WORK ORDER: Nothing but an exact copy is asked for: the lines in the material below from the one with "Aviation photographs of" through the one with "Episode 7 Makoto/Truth", pictures excluded.
RECORDS FOR THE EXERCISE Block Start
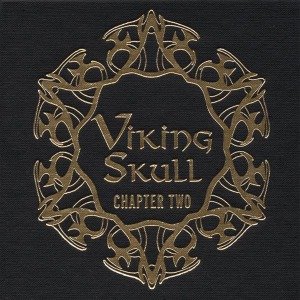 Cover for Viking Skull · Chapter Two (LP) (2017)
RECORDS FOR THE EXERCISE Block End
RECORDS FOR THE EXERCISE Block Start
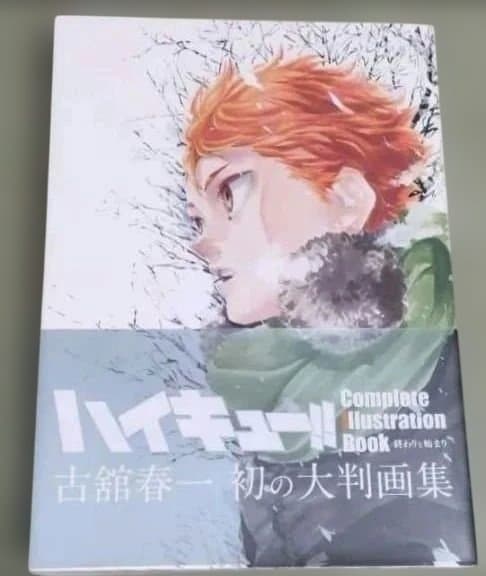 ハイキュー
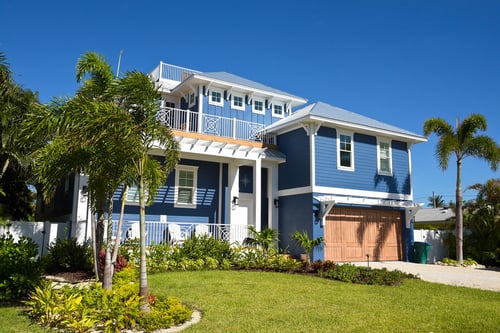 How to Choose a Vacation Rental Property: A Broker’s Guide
RECORDS FOR THE EXERCISE Block End
RECORDS FOR THE EXERCISE Block Start
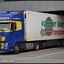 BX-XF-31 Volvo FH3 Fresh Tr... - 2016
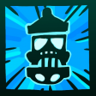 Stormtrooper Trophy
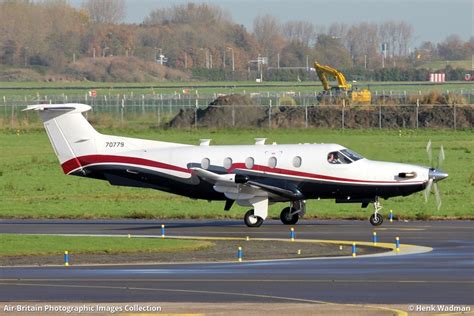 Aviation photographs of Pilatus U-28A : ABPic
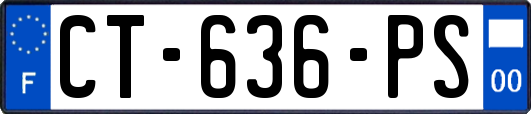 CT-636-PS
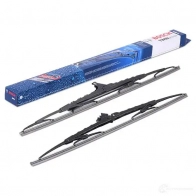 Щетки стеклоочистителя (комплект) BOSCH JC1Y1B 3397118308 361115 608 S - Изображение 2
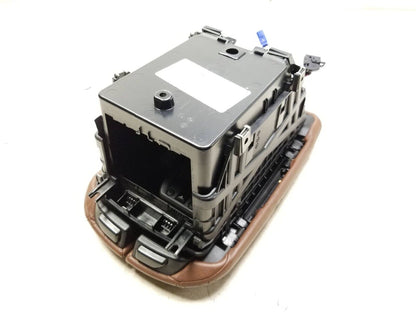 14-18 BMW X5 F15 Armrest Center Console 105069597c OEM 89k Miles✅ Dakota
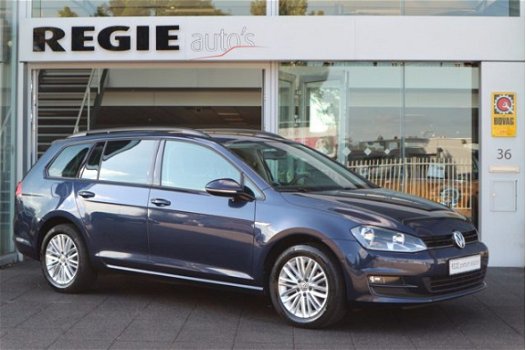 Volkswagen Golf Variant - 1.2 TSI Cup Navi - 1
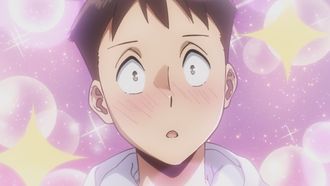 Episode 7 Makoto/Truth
RECORDS FOR THE EXERCISE Block End
REPLY:
 Aviation photographs of Pilatus U-28A : ABPic
 CT-636-PS
 Щетки стеклоочистителя (комплект) BOSCH JC1Y1B 3397118308 361115 608 S - Изображение 2
 14-18 BMW X5 F15 Armrest Center Console 105069597c OEM 89k Miles✅ Dakota
 Volkswagen Golf Variant - 1.2 TSI Cup Navi - 1
 Episode 7 Makoto/Truth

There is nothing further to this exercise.